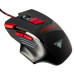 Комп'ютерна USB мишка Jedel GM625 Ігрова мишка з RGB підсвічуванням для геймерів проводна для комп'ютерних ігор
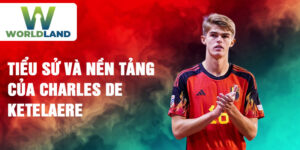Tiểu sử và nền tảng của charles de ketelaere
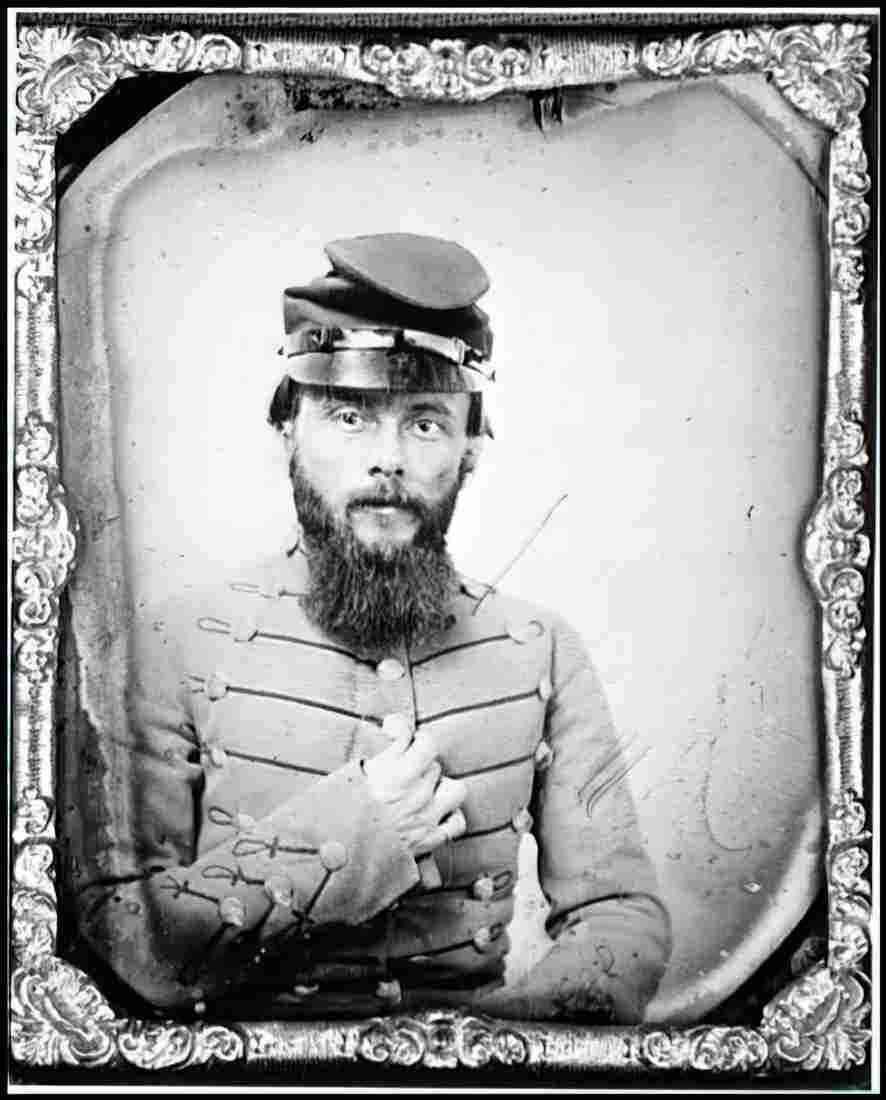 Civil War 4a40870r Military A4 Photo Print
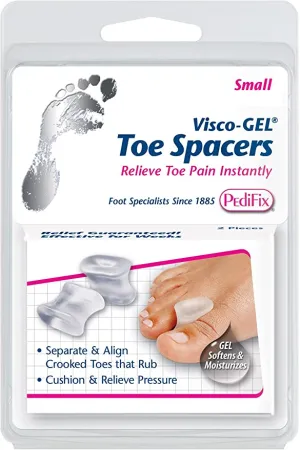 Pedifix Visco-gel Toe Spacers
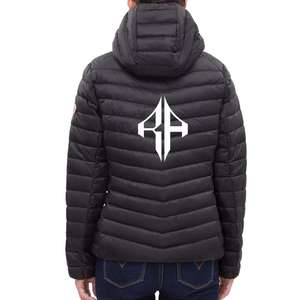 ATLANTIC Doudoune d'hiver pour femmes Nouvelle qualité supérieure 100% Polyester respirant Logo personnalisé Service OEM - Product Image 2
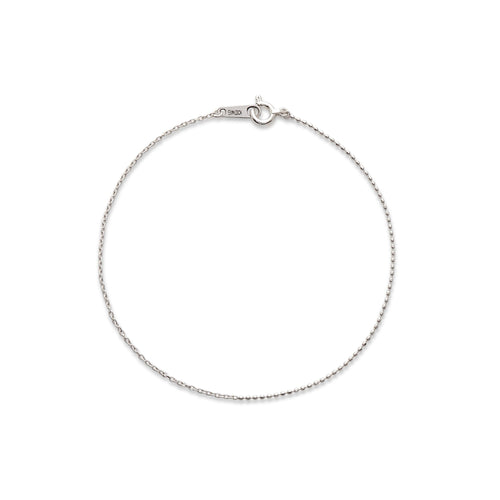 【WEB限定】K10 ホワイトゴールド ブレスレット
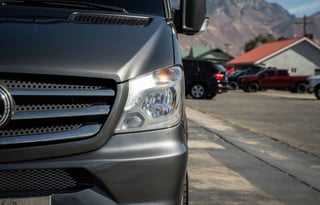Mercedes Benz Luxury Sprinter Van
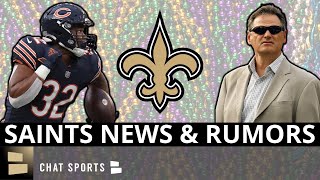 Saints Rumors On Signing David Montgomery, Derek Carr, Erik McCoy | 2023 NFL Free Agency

==

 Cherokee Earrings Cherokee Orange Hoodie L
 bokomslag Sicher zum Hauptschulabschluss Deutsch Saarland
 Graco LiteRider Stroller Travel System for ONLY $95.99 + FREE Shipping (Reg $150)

Work instructions ::
Return word for word the lines above from the line with "Cherokee Earrings Cherokee Orange Hoodie L" to the line with "Graco LiteRider Stroller", including both and leaving out all others.

Answer to the problem ::
 Cherokee Earrings Cherokee Orange Hoodie L
 bokomslag Sicher zum Hauptschulabschluss Deutsch Saarland
 Graco LiteRider Stroller Travel System for ONLY $95.99 + FREE Shipping (Reg $150)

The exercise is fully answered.